To add a question to the great question and discussion here on pyenv, venv, virtualenv, and virtualenvwrapper, could someone please explain how conda environments fit into this world? When are the preferred use cases for conda environments vs the other virtual environment options?
Update to question in November 2024: how do Poetry and Docker fit into this world?
Here is how everything fits together. We'll start with the problems the various tools are solving. Then cover how each tool slots in.
Dependency Managers. Problem these tools solve:
- What packages (dependencies) does the project need? For example: Django4.2, PyTest, Psycop2, etc.
- Can I install all those packages with one click?
- Do all those packages work together? e.g. the version of django I install works with the version of psycop, etc.
Dependency/Package Managers solve the above questions for us.
Environment Managers. Problems these solve:
- How do you have multiple projects that each need different things? For example, one project needs Python3.8 and Django4.2, but another needs Python3.12 and Django5.0?
Environment managers create and manage "virtual environments", which allow each project to have its own set of packages/python versions installed.
How do all the tools fit in? Some confusion is often caused by overlap in the tooling. Here is how they map:
- pip. Dependency management only.
- venv. Environment management only.
- virtualenv. Environment management only.
- Pipenv. Environment & Dependency management.
- Poetry. Environment & Dependency management.
- Conda. Environment & Dependency management.
- Conda is not just for python, but for R, Ruby, Node.js, etc.
How does Docker fit in? Docker provide environment and dependency management, and also provides operating system management. For example, a Docker container can allow one project to operate on a Fedora Linux distribution, and another project to use Ubuntu. Docker can also be mixed and matched with the above tools, e.g. Docker handles the operating system management, but calls Poetry to handle environment and dependency management. Docker can also manage other dependencies too, like network settings, system libraries, etc.
When to Use What?
- Development phase. Non-production. You want an environment manager and a dependency manager. It doesn't really matter which sets you use. venv/pip is fine. conda is fine. poetry is fine.

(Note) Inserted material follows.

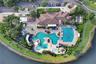 A closer aerial view of the pools and the clubhouse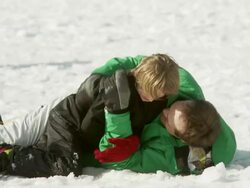 Father and son wrestle Stock Footage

- Use whatever the people you work with use, or what you find easiest. There are some small differences between tools -- conda is a little slower to incorporate new python versions but has solid dependency compatibility checks, pip and env come with python and don't need to be installed separately, etc. -- but for the most part whatever you are most comfortable with or find easiest is what you should do unless you need a very specific feature offered by only of the tools.
- Deployment and production. With some exceptions you're probably going to want/need Docker. You're almost certainly going to need to use whatever tooling the rest of the team uses.
Hope this helps everyone save a bunch of time understanding how all these tools fit together.